* **TASK DETAILS**: Line by line, set down the following material again exactly.

* **DATASET CONTENT**:
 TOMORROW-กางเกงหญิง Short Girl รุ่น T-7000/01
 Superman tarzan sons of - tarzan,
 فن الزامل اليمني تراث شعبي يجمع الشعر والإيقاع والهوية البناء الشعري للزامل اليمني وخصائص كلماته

* **RESPONSE**:
 TOMORROW-กางเกงหญิง Short Girl รุ่น T-7000/01
 Superman tarzan sons of - tarzan,
 فن الزامل اليمني تراث شعبي يجمع الشعر والإيقاع والهوية البناء الشعري للزامل اليمني وخصائص كلماته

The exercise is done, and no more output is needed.